Medieval Week

August 7–14, 2016

During Medieval Week we travel back to the year 1361 when the former Viking site on the island of Gotland, Visby was a powerful Hanseatic city. Each year during the second week of August, the Middle Ages reclaim the World Heritage city of Visby.

Medieval Week is the largest historical festival of its type offering medieval music, theatre, local markets, drama, arts and crafts, tournaments, lectures and courses.

The first Medieval Week was held in Visby in 1984 and since then the event has grown and evolved each year. During this unique week visitors, participants, traders and various organizations from across the globe live as though they were part of the Middle Ages. Strolling around medieval Visby is indeed a journey through time characterised by the aromas, the clinking of the blacksmiths and the jesters’ entertainment.

Visitors are welcome to attend performances without wearing medieval attire, apart from a few events and these events are clearly stipulated in the program. The organizers however, do encourage everyone to dress up in medieval costumes, if possible, in order to further enhance the feeling of being present in a medieval town!

The festival program for Medieval Week comprises more than 300 entries and a number of the most popular features return year after year. The highly appreciated jousting is a given, as well as the large local market held in the Visby Botanic Gardens (Gotlandsänget) that continues to expand and improve each year. Theatre, music, lectures, traditional fire shows and even a great party night on Strandpromenaden, a five-kilometre-long boardwalk, are also always on the program.

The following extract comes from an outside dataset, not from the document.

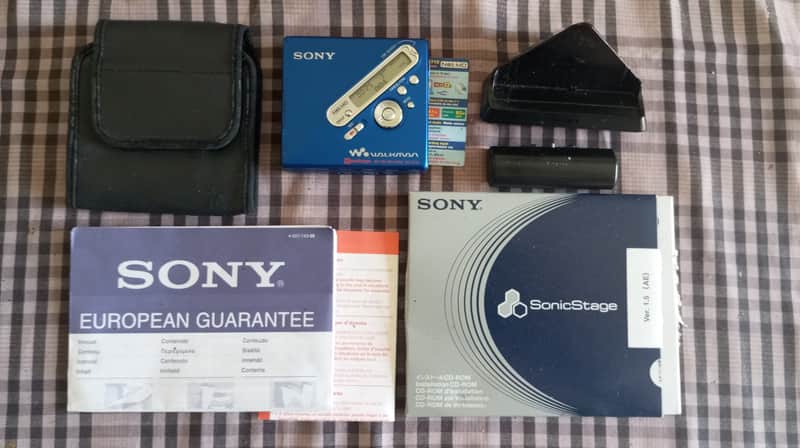 Sony MZ-N710 Minidisc recorder with accessories image 1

During Medieval Week many other locations on Gotland, aside from Visby, offer local markets, theatre shows and exhibitions. Each year many new shows are added to the program, such as in 2006 when Sherwood Forest was moved to the gardens of Åhsbergska Hagen in Visby and when the County Museum started a prince and princess school for children. In recent years, new additions incorporate recurring themes; one such initiative tackled the transition period between the Viking Age to the Medieval Period.

Experience over 300 events that combine history, myth, truth and partying.